Predicting prostate specific antigen using ordinary least squares, ridge/lasso regularized linear regression, principal components regression, partial least squares and best subset regression. Model parameters are selected by K-folds cross-validation.
Understanding the risk factors using logistic regression, L1 regularized logistic regression, natural cubic splines basis expansion for nonlinearities, thin-plate spline for mutual dependency, local logistic regression, kernel density estimation and gaussian mixture models.
Vowel speech recognition using regression of an indicator matrix, linear/quadratic/regularized/reduced-rank discriminant analysis and logistic regression.
Comparing patterns of bone mineral density relative change for men and women using smoothing splines.

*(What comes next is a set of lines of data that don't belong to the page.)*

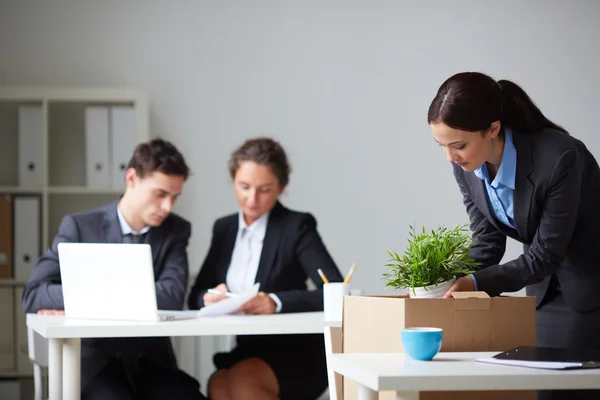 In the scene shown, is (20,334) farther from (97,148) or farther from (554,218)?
(554,218)

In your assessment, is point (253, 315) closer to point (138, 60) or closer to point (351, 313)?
point (351, 313)

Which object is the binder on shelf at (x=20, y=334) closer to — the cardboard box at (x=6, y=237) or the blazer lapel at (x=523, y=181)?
the cardboard box at (x=6, y=237)

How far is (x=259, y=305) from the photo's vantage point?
2.51 metres

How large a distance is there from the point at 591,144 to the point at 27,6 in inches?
120

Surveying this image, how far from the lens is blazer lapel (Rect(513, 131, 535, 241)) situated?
1.81 m

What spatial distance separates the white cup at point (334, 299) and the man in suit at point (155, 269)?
1.80 ft

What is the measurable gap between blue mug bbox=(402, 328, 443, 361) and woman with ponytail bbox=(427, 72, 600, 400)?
13.1 inches

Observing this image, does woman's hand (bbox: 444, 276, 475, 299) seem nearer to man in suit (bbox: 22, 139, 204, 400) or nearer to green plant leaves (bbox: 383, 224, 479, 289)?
green plant leaves (bbox: 383, 224, 479, 289)

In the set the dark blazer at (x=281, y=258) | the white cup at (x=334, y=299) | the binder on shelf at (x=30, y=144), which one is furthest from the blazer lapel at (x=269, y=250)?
the binder on shelf at (x=30, y=144)

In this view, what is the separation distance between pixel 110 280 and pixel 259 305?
501mm

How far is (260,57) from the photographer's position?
13.9 ft

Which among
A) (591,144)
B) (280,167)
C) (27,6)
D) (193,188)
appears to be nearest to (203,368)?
(193,188)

Phonemes speech recognition using reduced flexibility logistic regression.
Analysing radial velocity of galaxy NGC7531 using local regression in multidimentional space.
Analysing the factors influencing ozone concentration using local regression and trellis plot.
Detecting email spam using logistic regression, generalized additive logistic model, decision tree, multivariate adaptive regression splines, boosting and random forest.
Analysing the factors influencing California houses prices using boosting over decision trees and partial dependance plots.
Predicting shopping mall customers occupation, and hence identifying demographic variables that discriminate between different occupational categories using boosting and market basket analysis.
Recognizing small hand-drawn digits using LeCun's Net-1 - Net-5 neural networks.
Analysing of the number three variation in ZIP codes using principal component and archetypal analysis.
Analysing microarray data using K-means clustring and hierarchical clustering.
Analysing country dissimilarities using K-medoids clustering and multidimensional scaling.
Analysing signature shapes using Procrustes transformation.
Recognizing wave classes using linear, quadratic, flexible (over MARS regression), mixture discriminant analysis and decision trees.